Nederland en de Europese integratie, 1950-1986

 
English | Nederlands
Samenvatting
8a. EEG en Engeland

Luns heeft in de vergadering van de EEG-ministers van Buitenlandse Zaken verklaard dat elke afgelasting van de onderhandelingen met Engeland als volkomen onaanvaardbaar wordt beschouwd. België en Duitsland hebben zich hierbij aangesloten. De stemming is zeer geïrriteerd. Spaak heeft verklaard dat verdere onderhandelingen met Engeland met een lege stoel van de Franse delegatie juridisch mogelijk is. Marijnen is bang dat een crisis afbraak van de EG kan betekenen.

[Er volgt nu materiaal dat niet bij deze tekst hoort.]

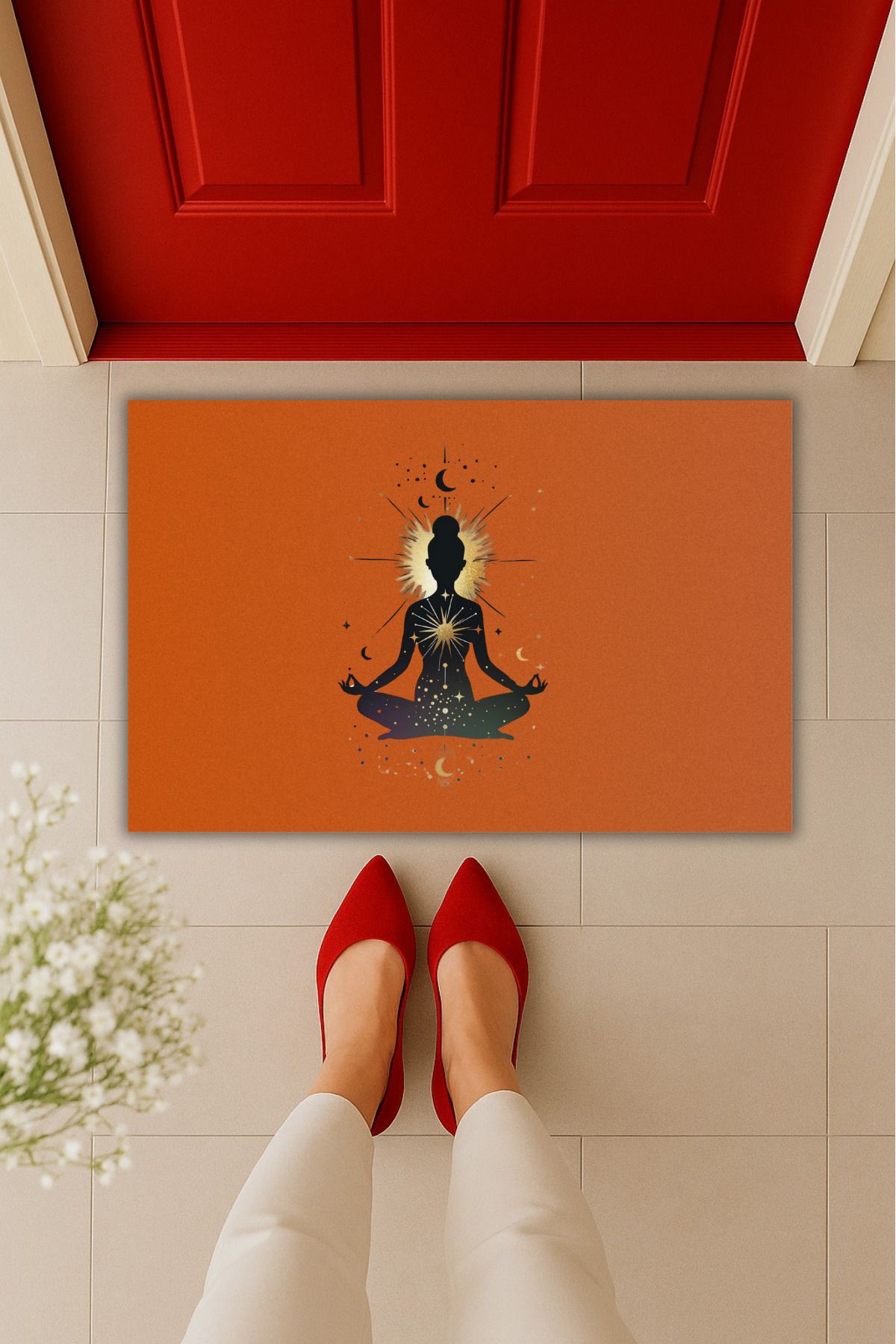 Dormot Home Yüksek Kaliteli Dijital Baskı Meditasyon Yoga Kapı Önü Paspası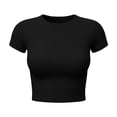 thumbnail image 5 of Axiiglly Black T Shirts for Women Summer Short Sleeve Stretch Crewneck Cropped Tee Fashion Slim Casual Basic Tops XL, 5 of 6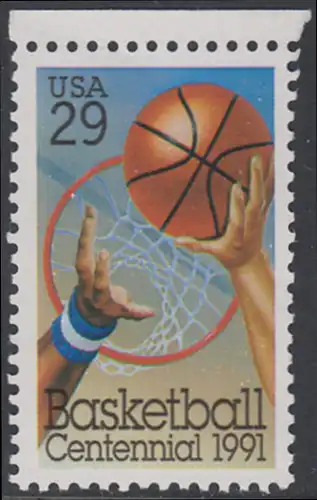 USA Michel 2162 / Scott 2560 postfrisch EINZELMARKE RAND oben (a1) - 100 Jahre Basketball: Korbwurf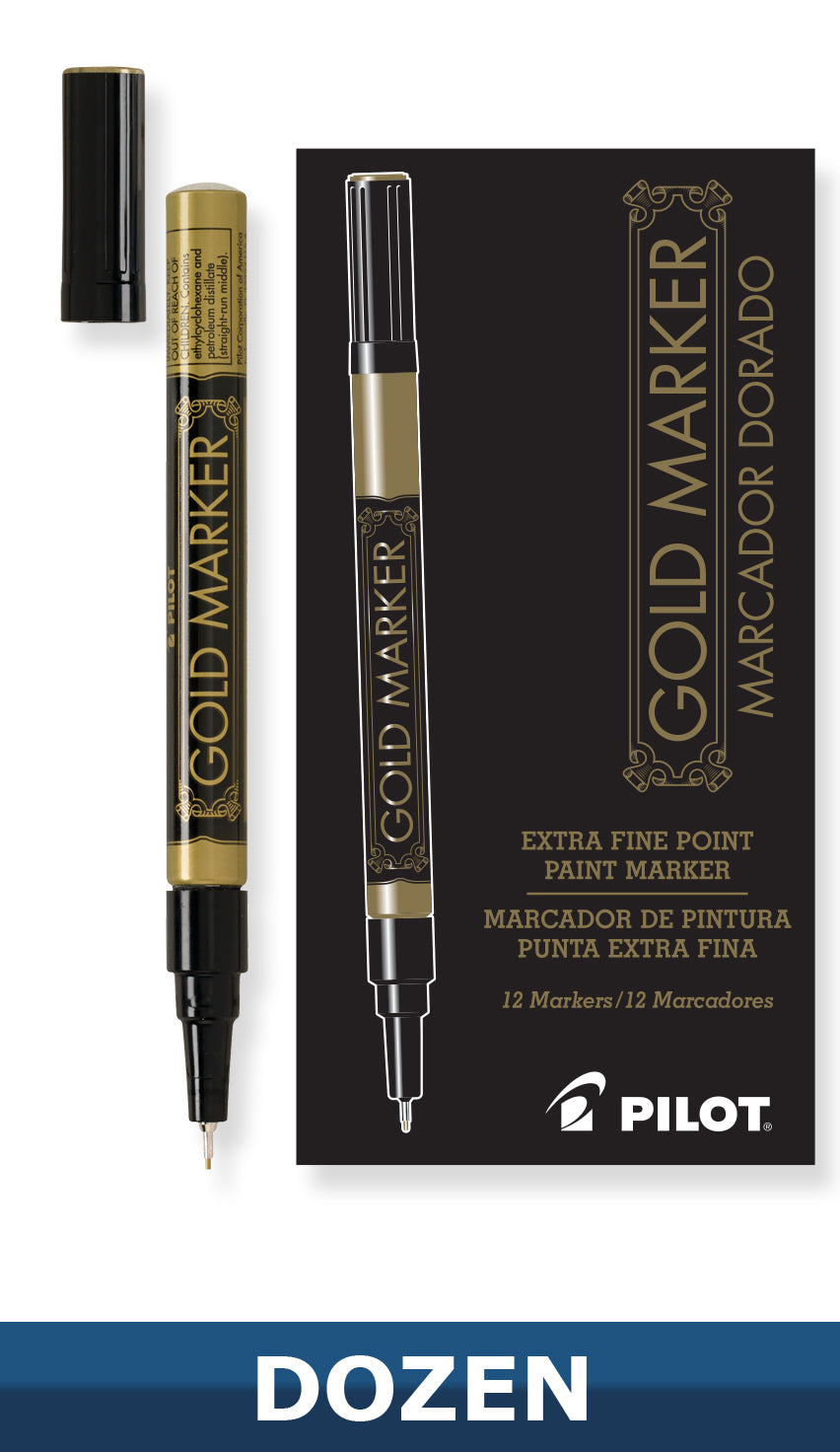 Pilot Gold & Silver Marker Pens
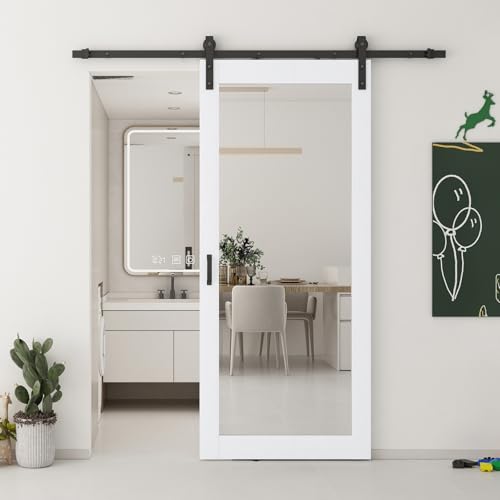 JUBEST 36x80 in Mirror Barn Door and 6.6FT Sliding Door Hardware Kit Included, White Full Length...
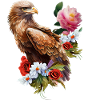 Wonderful eagle with flowers.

Hij wijst erop dat gemakkelijk gesteld wordt dat de Vijf een gesloten front tegen Frankrijk moet vormen, maar men zal ook erop moeten letten niet in eigen vlees te snijden. Hij vraagt zich ernstig af of deze tactiek wel de juiste is. De Pous daarentegen vindt dat men nu de zwaarste drukmiddelen op de Franse regering moet aanwenden. Het moet duidelijk worden dat niet president De Gaulle in de EEG de dienst uitmaakt. Klompé wijst erop dat de een stagnatie grote politieke en economische repercussies hebben. Klompé meent dat alleen sputteren tegen het optreden van De Gaulle niets uithaalt. Zijlstra heeft afkeer van de wijze waarop president De Gaulle zich de Zonnekoning van deze tijd waant. Intussen moet men bedenken dat de landen met een uitermate garaffineerd schaakspel bezig zijn. Nederland zal als klein land moeten nagaan wie de zetten op het schaakspel moet doen.